Soluços violentos tomaram conta de Miguel. Seu corpo de contraía, as lágrimas escorriam torrencialmente pelo seu rosto, seu corpo parecia estar se dividindo ao meio. E não poderia ser diferente: ele estava meio morto. Uma parte da sua vida, provavelmente a mais feliz, seria enterrada a sete palmos do chão junto com Henrique. Os jantares em família, Ester sempre experimentando novas receitas e surpreendendo o paladar do marido e do filho. Os primeiros passos de Henrique, a sua primeira palavra: papai. A voz doce e infantil do filho retumbava na cabeça de Miguel, a imagem da pequena criança abrindo os braços e caminhando tropegamente em direção ao pai. O Natal, o último em que passara com Ester, quando Henrique se animara em decorar toda a casa depois de ter assistido a um filme na televisão.

Miguel não sabia de onde vinham tantas lágrimas. E nem onde havia guardado essas memórias. Como ele queria voltar no tempo. Chegar em casa e Ester estar lhe esperando com o jantar na mesa, enquanto Henrique brincava com seus carrinhos na sala. A esposa lhe perguntando como foi o seu dia. Ele contando-a sobre os mais recentes acontecimentos políticos na cidade.

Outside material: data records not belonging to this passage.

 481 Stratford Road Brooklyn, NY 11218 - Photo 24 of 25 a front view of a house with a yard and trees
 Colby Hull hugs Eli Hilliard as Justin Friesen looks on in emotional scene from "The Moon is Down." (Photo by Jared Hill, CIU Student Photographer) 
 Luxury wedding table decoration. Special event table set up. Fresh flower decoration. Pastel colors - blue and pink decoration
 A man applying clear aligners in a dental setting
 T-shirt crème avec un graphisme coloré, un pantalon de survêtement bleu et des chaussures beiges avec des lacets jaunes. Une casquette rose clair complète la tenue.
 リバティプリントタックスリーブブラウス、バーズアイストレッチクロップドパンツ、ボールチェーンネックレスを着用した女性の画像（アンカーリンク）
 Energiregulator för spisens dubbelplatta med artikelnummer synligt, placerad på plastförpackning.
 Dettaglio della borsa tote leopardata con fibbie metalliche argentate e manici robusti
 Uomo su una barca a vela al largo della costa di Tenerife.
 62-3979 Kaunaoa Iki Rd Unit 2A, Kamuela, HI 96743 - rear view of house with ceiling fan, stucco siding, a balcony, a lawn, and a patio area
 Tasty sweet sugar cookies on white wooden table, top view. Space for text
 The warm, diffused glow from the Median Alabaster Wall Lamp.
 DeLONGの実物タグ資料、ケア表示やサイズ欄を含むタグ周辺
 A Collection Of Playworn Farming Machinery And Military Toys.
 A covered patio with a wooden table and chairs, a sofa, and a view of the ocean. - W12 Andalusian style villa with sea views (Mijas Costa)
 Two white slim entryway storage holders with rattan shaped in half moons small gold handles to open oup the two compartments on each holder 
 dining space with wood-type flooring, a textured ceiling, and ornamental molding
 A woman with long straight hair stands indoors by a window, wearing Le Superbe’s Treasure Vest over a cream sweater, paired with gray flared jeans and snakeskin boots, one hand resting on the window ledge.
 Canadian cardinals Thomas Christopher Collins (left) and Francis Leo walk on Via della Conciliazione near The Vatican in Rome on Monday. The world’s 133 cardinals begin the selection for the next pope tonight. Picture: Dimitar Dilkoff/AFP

Aquilo nunca mais voltaria.

Miguel nunca mais seria o mesmo.

Seu filho, seu único filho, deixado para morrer em uma noite escura e fria de Timbaúba.

E ele ali, chorando a morte de Henrique, como se não fosse tão culpado quanto o Coronel.

– Meu amor, meu amorzinho, a Excelentíssima está lhe esperando lá fora – Teodora pôs a mão no ombro do marido.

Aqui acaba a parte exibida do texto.